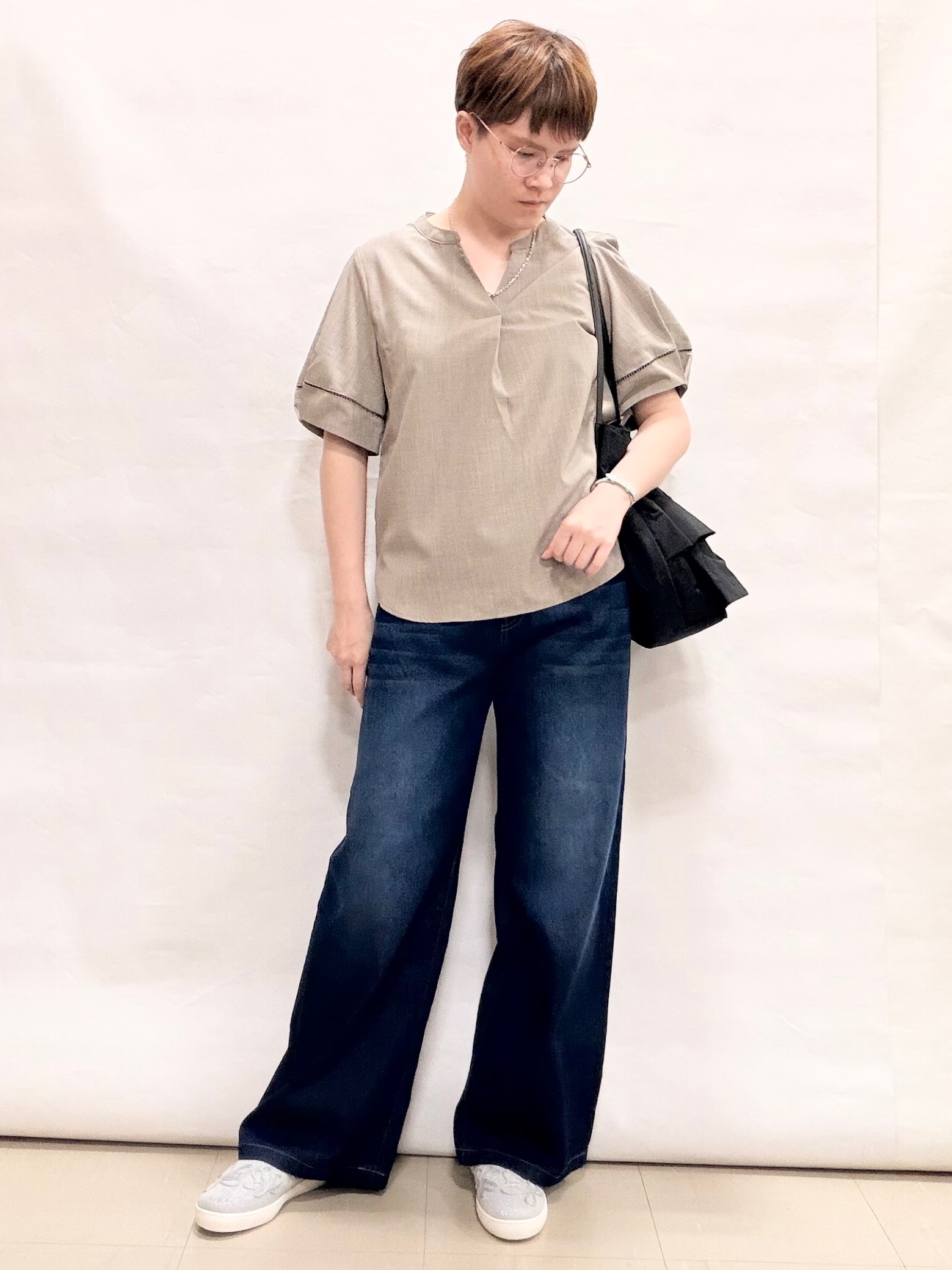 なっちゃんさんの「SHOO･LA･RUE｜【洗濯後しわになりにくい/インせずきまる】お袖のハシゴレースで涼やかに 麻調スキッパーブラウス」を使ったコーディネート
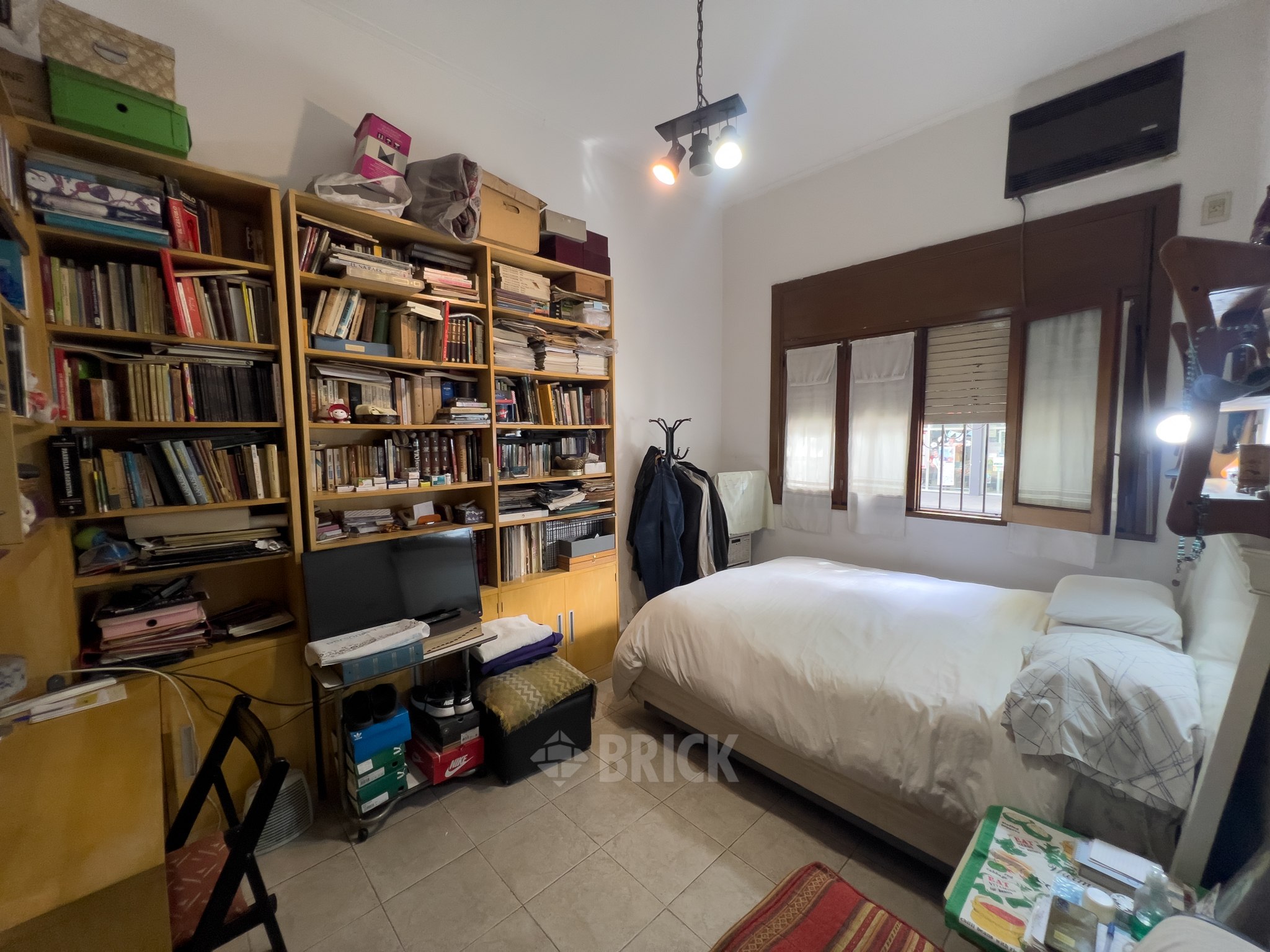 ALBERDI, JUAN B., AV. al 2800 Piso PB 9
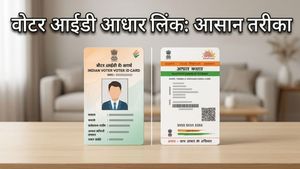 घर बैठे वोटर आईडी को आधार से जोड़ें: फर्जी वोटिंग रोकने का सबसे आसान तरीका!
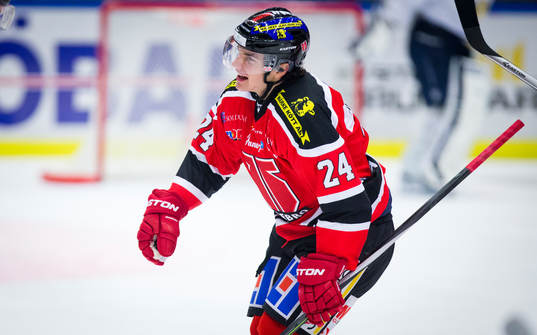 Örebros Petr Zámorský 5-1 och jublar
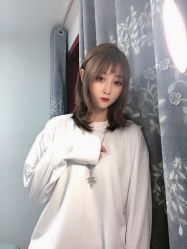 -I+造型烫发染发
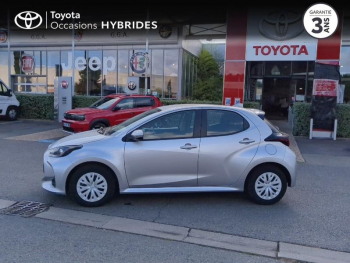 Photo 3 du bon plan TOYOTA Yaris 116h Dynamic Business 5p + Programme Beyond Zero Academy MY22 occasion à 21490 €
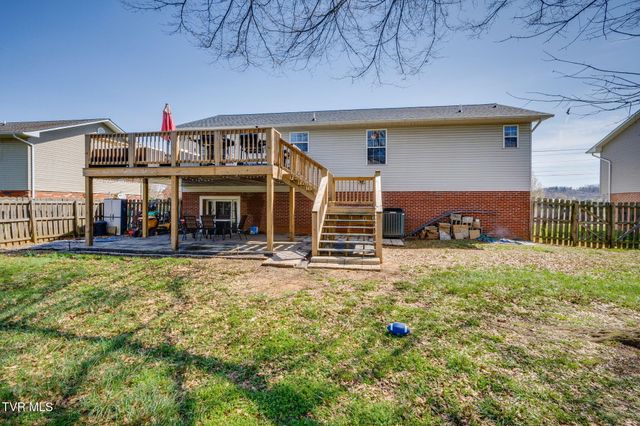 323 Gray Station Road, Gray, TN 37615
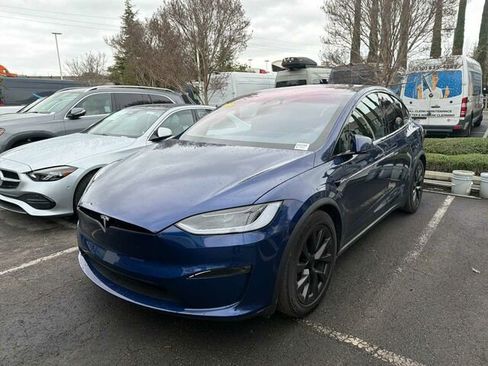 Used 2023 Tesla Model X image 2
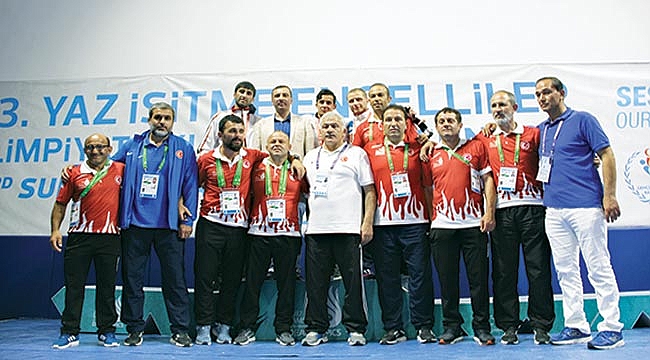 DÜNYA OLİMPİYAT ŞAMPİYONLARI KAVAK’TAN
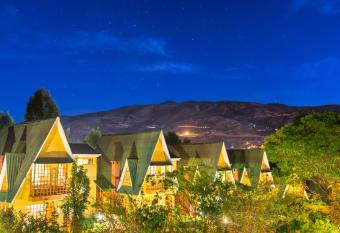 Amaru Valle Hotel allows 18 year olds to book a room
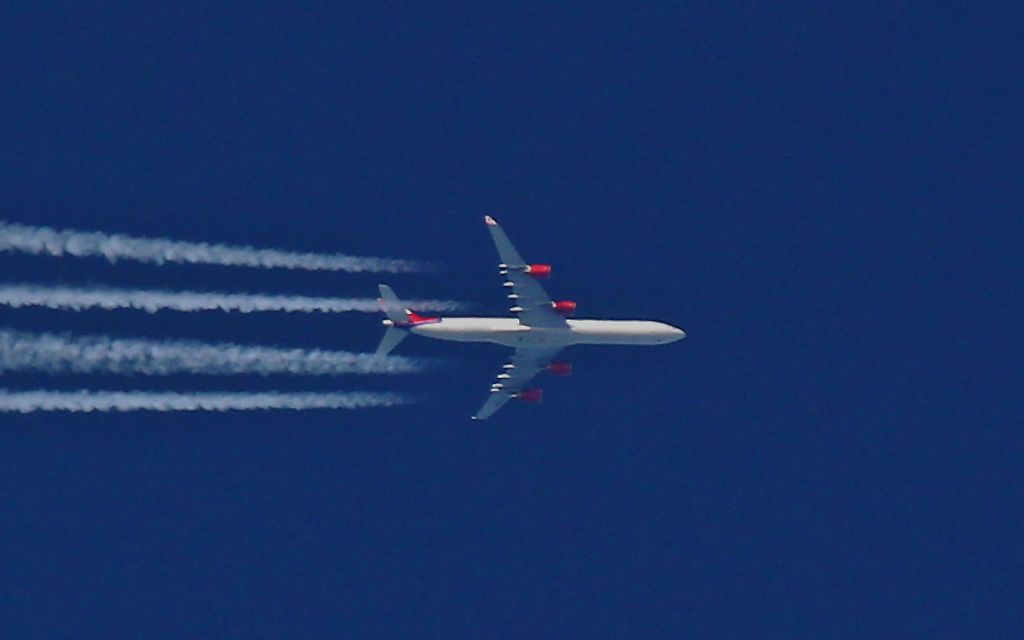Airbus A340-600 (G-VWIN) - virgin a-340-6 g-vwin 39,000ft ewr-lhr 22/9/14.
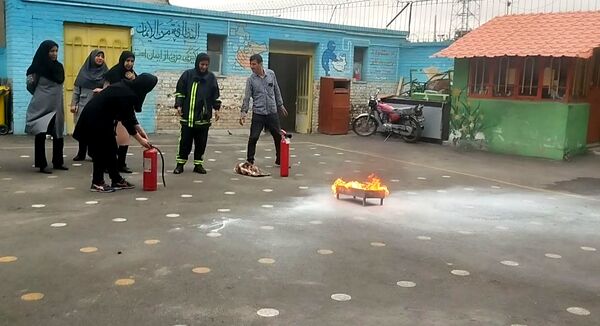 برنامه آموزشی اطفا حریق در مدرسه مهندس رحمانی فرد مشهد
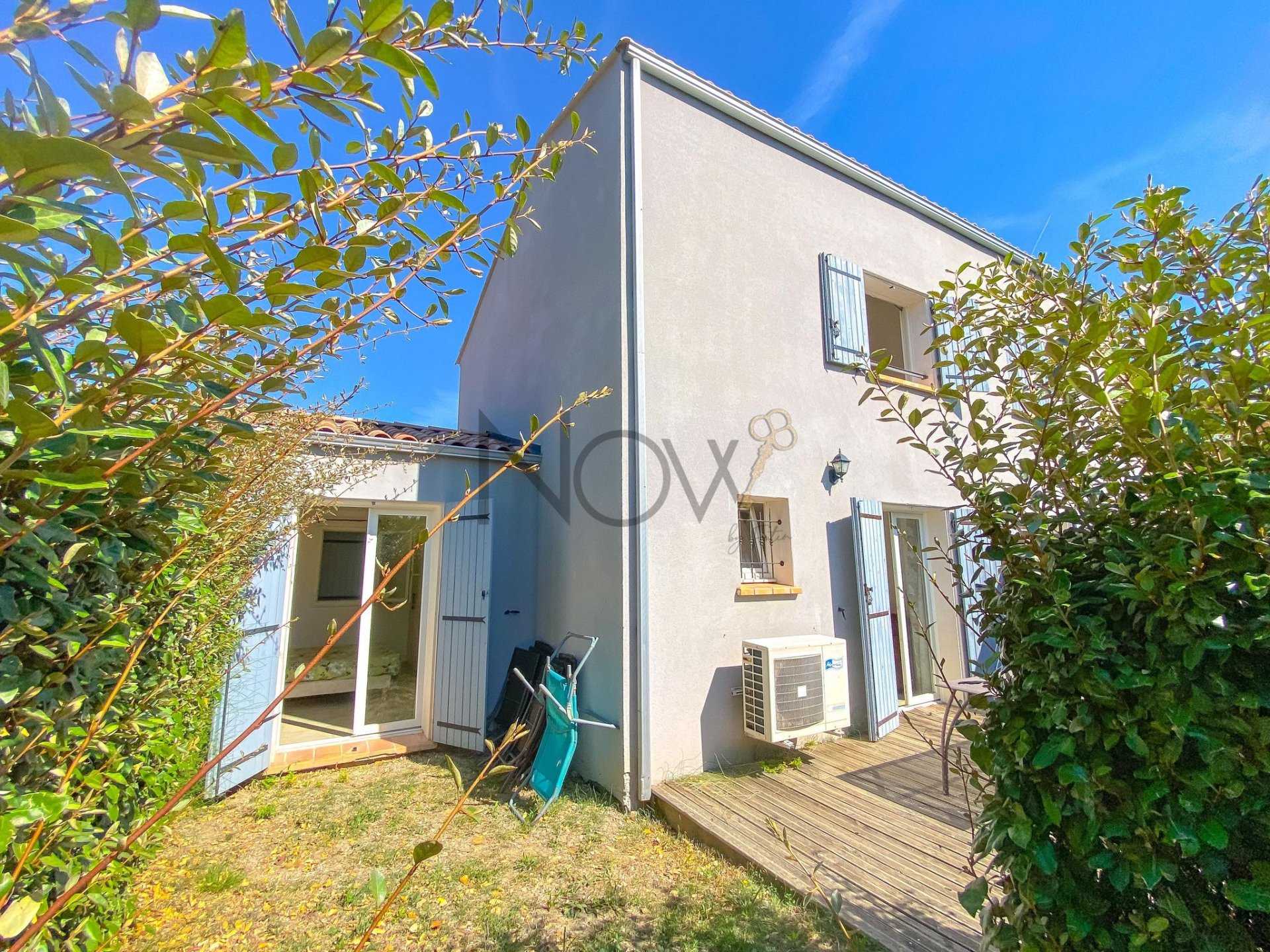 casa no L'Isle-sur-la-Sorgue, Provença-Alpes-Costa Azul 10815476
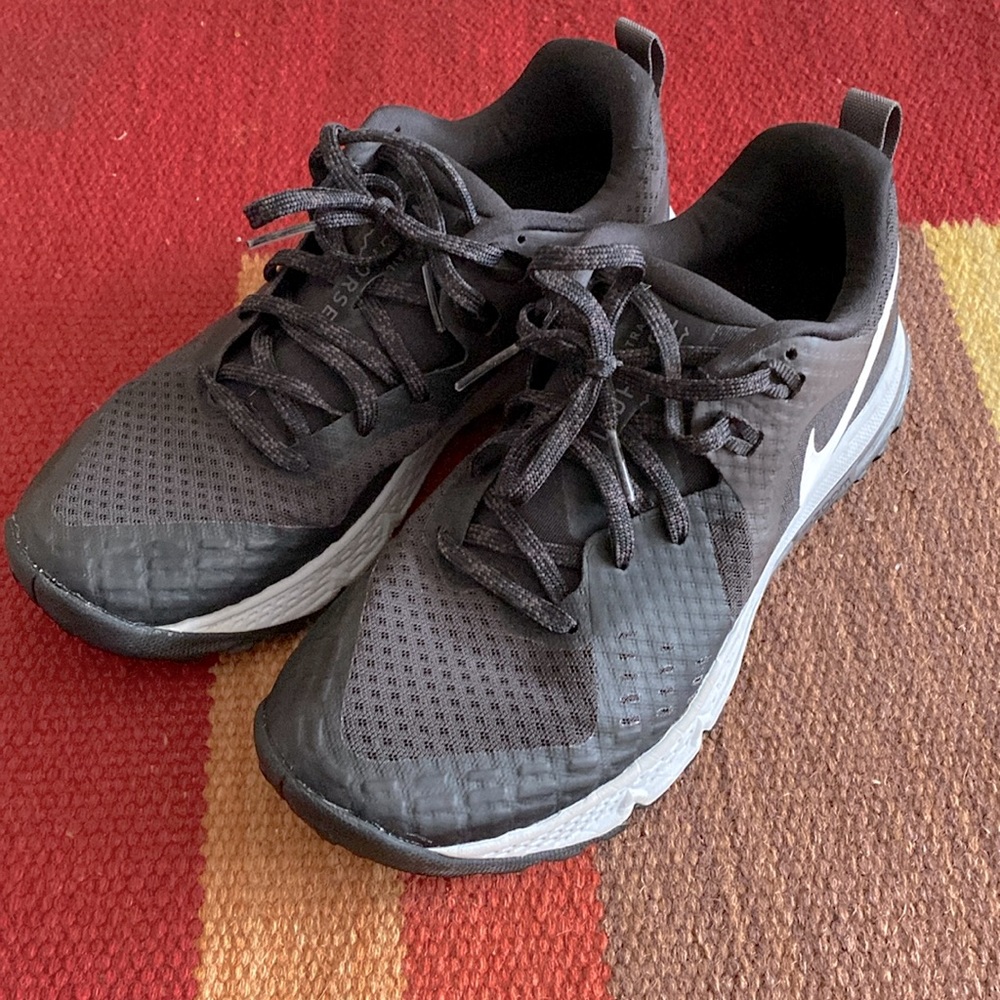 Nike zoom trail running athletic shoes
------------
Once the line containing "घर बैठे वोटर" is found, it and every line through the end of the records above should be output exactly, with no pictures.

 घर बैठे वोटर आईडी को आधार से जोड़ें: फर्जी वोटिंग रोकने का सबसे आसान तरीका!
 Örebros Petr Zámorský 5-1 och jublar
 -I+造型烫发染发
 Photo 3 du bon plan TOYOTA Yaris 116h Dynamic Business 5p + Programme Beyond Zero Academy MY22 occasion à 21490 €
 323 Gray Station Road, Gray, TN 37615
 Used 2023 Tesla Model X image 2
 DÜNYA OLİMPİYAT ŞAMPİYONLARI KAVAK’TAN
 Amaru Valle Hotel allows 18 year olds to book a room
Airbus A340-600 (G-VWIN) - virgin a-340-6 g-vwin 39,000ft ewr-lhr 22/9/14.
 برنامه آموزشی اطفا حریق در مدرسه مهندس رحمانی فرد مشهد
 casa no L'Isle-sur-la-Sorgue, Provença-Alpes-Costa Azul 10815476
 Nike zoom trail running athletic shoes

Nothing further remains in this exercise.